Entre Oriente y Occidente
La Unesco advierte que la destrucción de Palmira sería una gran pérdida para la humanidad
Hace mas de cuarenta años visité por vez primera Palmira, Tadmur, o pueblo de los dátiles en árabe. Entonces el modesto hotel Zenobia con sus destartaladas habitaciones, con ventiladores de aspa, era el único albergue para viajeros y turistas. En otro viaje estuve a punto de ser tragado por una tempestad de arena en la carretera . Mi conductor hacía avanzar el automóvil en pleno desierto y no recuerdo el tiempo que nos hizo falta para llegar a la milenaria ciudad. La última vez fue durante un viaje oficial de los Reyes de España Juan Carlos y Sofia cuando en su anfiteatro romano se organizó un espectáculo folclórico con tribus beduinas del lugar. Nadie podía imaginar entonces que el fuerte régimen baasista de Damasco pudiese ser derrotado un día en la mítica capital de la reina Zenobia, llamada la Cleopatra de Siria.
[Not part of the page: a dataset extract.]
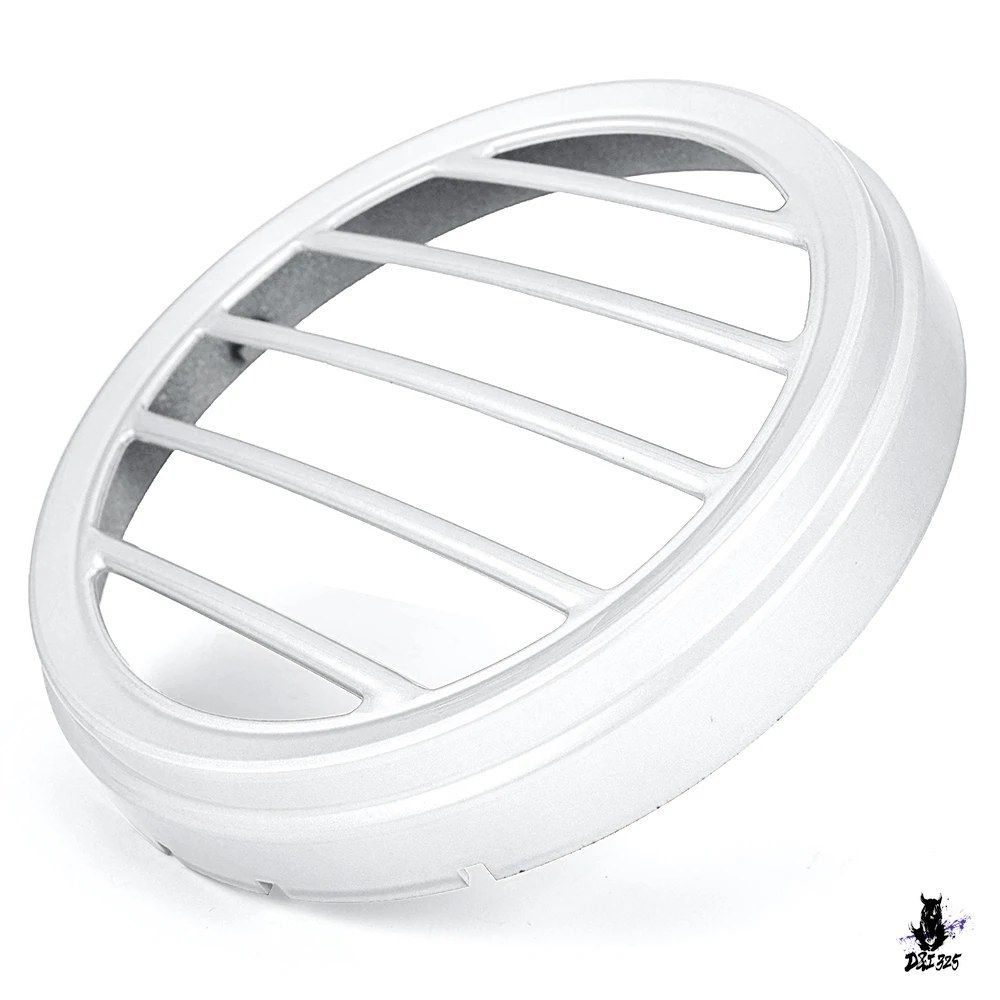 Light Winker Xsr900 2022-2026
El apogeo de esta metrópoli del desierto coincidió con su reinado durante el tercer siglo de nuestra era. Imaginen una ciudad de centenares de columnas que orillan sus avenidas y las estatuas de sus notables y potentados sobre sus adosadas repisas. Había mas de doscientas estatuas en las columnatas, en los muros del ágora. Magistrados, capitanes, guías de caravanas posaron ante los artistas para que esculpiesen sus estatuas. En medio de la población se levantaban cuatro colosales estatuas de granito ofrecidas por Alejandría, representando divinidades y otros tantos obeliscos que indicaban los puntos cardinales.
La eventual destrucción de este tesoro histórico y artístico “será una gran pérdida para la humanidad”, según advirtió ayer Irina Bokova, directora general de la Unesco. “Debemos proteger estos restos increíbles de la historia”, añadió.
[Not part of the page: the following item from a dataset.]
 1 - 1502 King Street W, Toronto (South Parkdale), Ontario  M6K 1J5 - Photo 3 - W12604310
El gusto por las exhibición ostentosa, un rasgo muy oriental, impregnó la vida urbana de esta Palmira construida sobre un cruce de caminos, junto a un oasis, en la ruta de la seda, y no es ninguna metáfora, entre Oriente y Occidente, en medio del desierto, atravesado por las caravanas que transportaban desde el océano Índico al Mediterráneo especias, perfumes y marfil.
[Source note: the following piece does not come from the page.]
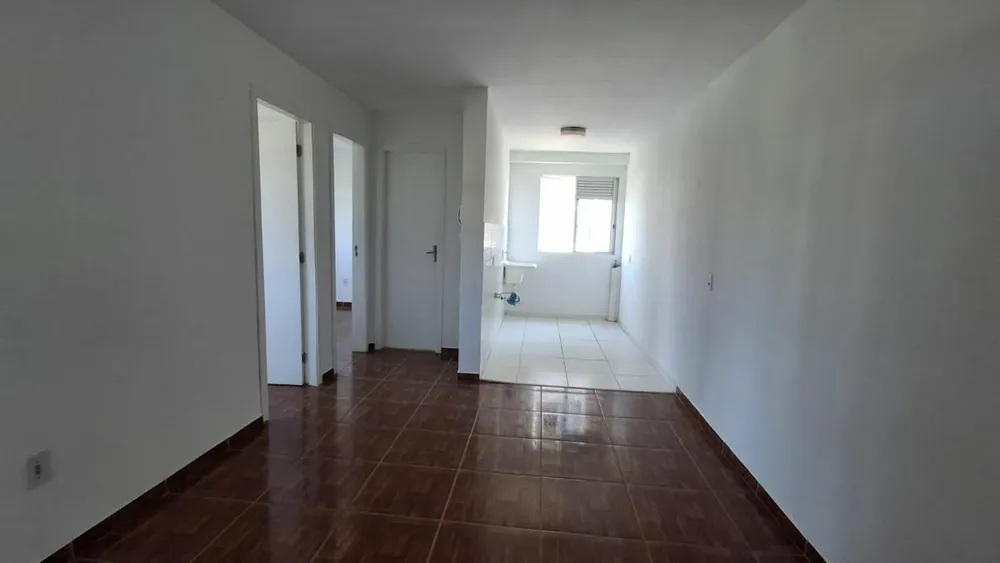 Apartamento, 2 quartos - Foto 9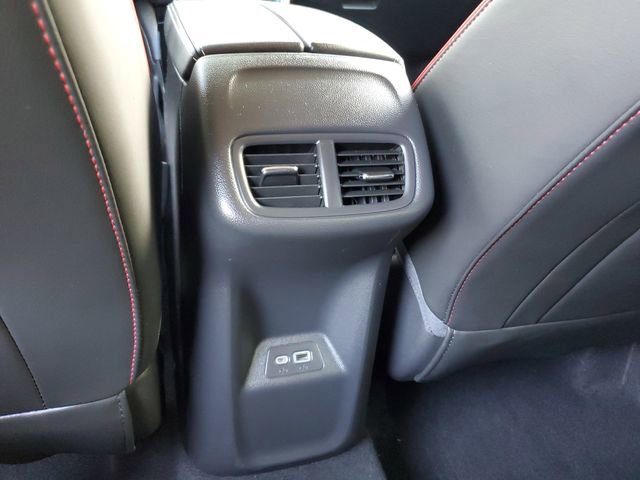 Used 2022 Buick Envision Essence w/ Technology Package II FWD image 15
Su existencia se mantuvo en un equilibrio inestable entre los grandes imperios enemigos, Roma y Persia. Su fortuna originaria fue- ron las fuentes de agua termal, de Afka, que el moderno hotel Meridien supo recuperar en su visitado subsuelo. La rebelión de Zenobia contra Roma acabó con la ciudadestado, con aquella verdadera torre de Babel poblada de egipcios, persas, indios y numerosos griegos. La reina de Oriente se convirtió, tras su derrota , en prisionera del emperador de Occidente.
Sorprendían las ruinas por su extensión –alrededor de seis kilómetros cuadrados– y su buen estado. Por la larga calle porticada y traspuesto el arco triunfal, los lugareños vendían sus mercancías, tapices, telas, enmohecidos puñales, sobre capiteles y truncadas columnas.
Palmira, sepultada durante siglos bajo las arenas, generó a su la- do un poblado de cuarenta mil habitantes. Desde el viejo fuerte árabe erigido en la colina se contemplan las ruinas, el pueblo, el oasis, el desierto…
Nunca más pude regresar a la ciudad. Todas las veces que lo intenté desde Damasco su situación era incierta por los ataques de los rebeldes, antes de la aparición de los desalmados yihadistas, que acechaban su carretera o bien hostigaban a la población.
Ahora, como tantas otras ciudades del Oriente Medio, se ha convertido en una ciudad prohibida.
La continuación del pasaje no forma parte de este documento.